### Exercise instructions
Retype the entries exactly. Include every line.

### Recorded data
=-=-=

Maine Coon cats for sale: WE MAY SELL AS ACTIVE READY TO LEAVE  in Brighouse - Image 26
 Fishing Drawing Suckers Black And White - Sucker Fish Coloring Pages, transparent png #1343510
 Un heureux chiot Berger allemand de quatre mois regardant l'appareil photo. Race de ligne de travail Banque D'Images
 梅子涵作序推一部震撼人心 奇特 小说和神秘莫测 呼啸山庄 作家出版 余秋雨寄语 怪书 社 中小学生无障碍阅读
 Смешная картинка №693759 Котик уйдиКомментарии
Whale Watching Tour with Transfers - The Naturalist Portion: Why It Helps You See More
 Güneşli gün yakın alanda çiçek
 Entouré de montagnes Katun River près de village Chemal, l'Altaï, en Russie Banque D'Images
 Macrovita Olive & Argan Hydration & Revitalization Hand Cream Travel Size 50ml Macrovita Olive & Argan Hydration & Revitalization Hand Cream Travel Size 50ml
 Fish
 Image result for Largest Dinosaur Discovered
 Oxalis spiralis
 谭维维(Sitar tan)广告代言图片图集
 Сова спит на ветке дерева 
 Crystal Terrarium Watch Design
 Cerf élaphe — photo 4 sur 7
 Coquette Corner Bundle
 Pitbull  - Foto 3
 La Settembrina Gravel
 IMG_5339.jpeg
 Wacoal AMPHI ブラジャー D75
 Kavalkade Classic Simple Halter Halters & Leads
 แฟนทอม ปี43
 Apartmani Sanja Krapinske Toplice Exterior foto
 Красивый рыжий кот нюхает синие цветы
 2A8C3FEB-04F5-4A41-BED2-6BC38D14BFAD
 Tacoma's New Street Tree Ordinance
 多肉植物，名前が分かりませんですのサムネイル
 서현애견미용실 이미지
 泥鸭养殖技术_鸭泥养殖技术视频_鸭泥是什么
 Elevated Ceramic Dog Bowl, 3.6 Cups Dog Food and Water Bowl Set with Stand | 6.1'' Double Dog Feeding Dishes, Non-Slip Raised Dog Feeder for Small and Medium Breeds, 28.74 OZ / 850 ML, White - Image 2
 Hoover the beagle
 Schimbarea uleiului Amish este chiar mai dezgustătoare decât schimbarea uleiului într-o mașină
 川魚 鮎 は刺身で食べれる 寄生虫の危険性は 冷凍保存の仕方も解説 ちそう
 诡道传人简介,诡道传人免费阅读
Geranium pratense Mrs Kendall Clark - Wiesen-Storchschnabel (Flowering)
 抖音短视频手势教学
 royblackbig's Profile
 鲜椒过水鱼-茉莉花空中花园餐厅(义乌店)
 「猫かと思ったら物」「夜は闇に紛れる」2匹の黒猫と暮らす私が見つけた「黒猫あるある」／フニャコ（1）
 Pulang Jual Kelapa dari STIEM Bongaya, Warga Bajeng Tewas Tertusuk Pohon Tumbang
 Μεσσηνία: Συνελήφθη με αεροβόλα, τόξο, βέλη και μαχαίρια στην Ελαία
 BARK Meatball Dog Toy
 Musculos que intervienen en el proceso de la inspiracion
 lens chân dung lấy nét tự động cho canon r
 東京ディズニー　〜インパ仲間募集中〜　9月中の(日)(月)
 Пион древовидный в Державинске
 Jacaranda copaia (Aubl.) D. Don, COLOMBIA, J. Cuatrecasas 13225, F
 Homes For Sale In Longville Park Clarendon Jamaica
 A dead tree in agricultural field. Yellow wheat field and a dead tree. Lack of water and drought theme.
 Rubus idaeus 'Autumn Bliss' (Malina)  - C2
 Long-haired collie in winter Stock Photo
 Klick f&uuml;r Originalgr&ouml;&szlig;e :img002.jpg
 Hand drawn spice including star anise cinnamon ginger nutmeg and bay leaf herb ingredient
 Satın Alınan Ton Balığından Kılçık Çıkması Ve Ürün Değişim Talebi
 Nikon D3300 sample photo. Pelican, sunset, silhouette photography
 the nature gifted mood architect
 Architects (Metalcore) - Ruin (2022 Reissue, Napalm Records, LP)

=-=-=

### Response area
Maine Coon cats for sale: WE MAY SELL AS ACTIVE READY TO LEAVE  in Brighouse - Image 26
 Fishing Drawing Suckers Black And White - Sucker Fish Coloring Pages, transparent png #1343510
 Un heureux chiot Berger allemand de quatre mois regardant l'appareil photo. Race de ligne de travail Banque D'Images
 梅子涵作序推一部震撼人心 奇特 小说和神秘莫测 呼啸山庄 作家出版 余秋雨寄语 怪书 社 中小学生无障碍阅读
 Смешная картинка №693759 Котик уйдиКомментарии
Whale Watching Tour with Transfers - The Naturalist Portion: Why It Helps You See More
 Güneşli gün yakın alanda çiçek
 Entouré de montagnes Katun River près de village Chemal, l'Altaï, en Russie Banque D'Images
 Macrovita Olive & Argan Hydration & Revitalization Hand Cream Travel Size 50ml Macrovita Olive & Argan Hydration & Revitalization Hand Cream Travel Size 50ml
 Fish
 Image result for Largest Dinosaur Discovered
 Oxalis spiralis
 谭维维(Sitar tan)广告代言图片图集
 Сова спит на ветке дерева 
 Crystal Terrarium Watch Design
 Cerf élaphe — photo 4 sur 7
 Coquette Corner Bundle
 Pitbull  - Foto 3
 La Settembrina Gravel
 IMG_5339.jpeg
 Wacoal AMPHI ブラジャー D75
 Kavalkade Classic Simple Halter Halters & Leads
 แฟนทอม ปี43
 Apartmani Sanja Krapinske Toplice Exterior foto
 Красивый рыжий кот нюхает синие цветы
 2A8C3FEB-04F5-4A41-BED2-6BC38D14BFAD
 Tacoma's New Street Tree Ordinance
 多肉植物，名前が分かりませんですのサムネイル
 서현애견미용실 이미지
 泥鸭养殖技术_鸭泥养殖技术视频_鸭泥是什么
 Elevated Ceramic Dog Bowl, 3.6 Cups Dog Food and Water Bowl Set with Stand | 6.1'' Double Dog Feeding Dishes, Non-Slip Raised Dog Feeder for Small and Medium Breeds, 28.74 OZ / 850 ML, White - Image 2
 Hoover the beagle
 Schimbarea uleiului Amish este chiar mai dezgustătoare decât schimbarea uleiului într-o mașină
 川魚 鮎 は刺身で食べれる 寄生虫の危険性は 冷凍保存の仕方も解説 ちそう
 诡道传人简介,诡道传人免费阅读
Geranium pratense Mrs Kendall Clark - Wiesen-Storchschnabel (Flowering)
 抖音短视频手势教学
 royblackbig's Profile
 鲜椒过水鱼-茉莉花空中花园餐厅(义乌店)
 「猫かと思ったら物」「夜は闇に紛れる」2匹の黒猫と暮らす私が見つけた「黒猫あるある」／フニャコ（1）
 Pulang Jual Kelapa dari STIEM Bongaya, Warga Bajeng Tewas Tertusuk Pohon Tumbang
 Μεσσηνία: Συνελήφθη με αεροβόλα, τόξο, βέλη και μαχαίρια στην Ελαία
 BARK Meatball Dog Toy
 Musculos que intervienen en el proceso de la inspiracion
 lens chân dung lấy nét tự động cho canon r
 東京ディズニー　〜インパ仲間募集中〜　9月中の(日)(月)
 Пион древовидный в Державинске
 Jacaranda copaia (Aubl.) D. Don, COLOMBIA, J. Cuatrecasas 13225, F
 Homes For Sale In Longville Park Clarendon Jamaica
 A dead tree in agricultural field. Yellow wheat field and a dead tree. Lack of water and drought theme.
 Rubus idaeus 'Autumn Bliss' (Malina)  - C2
 Long-haired collie in winter Stock Photo
 Klick f&uuml;r Originalgr&ouml;&szlig;e :img002.jpg
 Hand drawn spice including star anise cinnamon ginger nutmeg and bay leaf herb ingredient
 Satın Alınan Ton Balığından Kılçık Çıkması Ve Ürün Değişim Talebi
 Nikon D3300 sample photo. Pelican, sunset, silhouette photography
 the nature gifted mood architect
 Architects (Metalcore) - Ruin (2022 Reissue, Napalm Records, LP)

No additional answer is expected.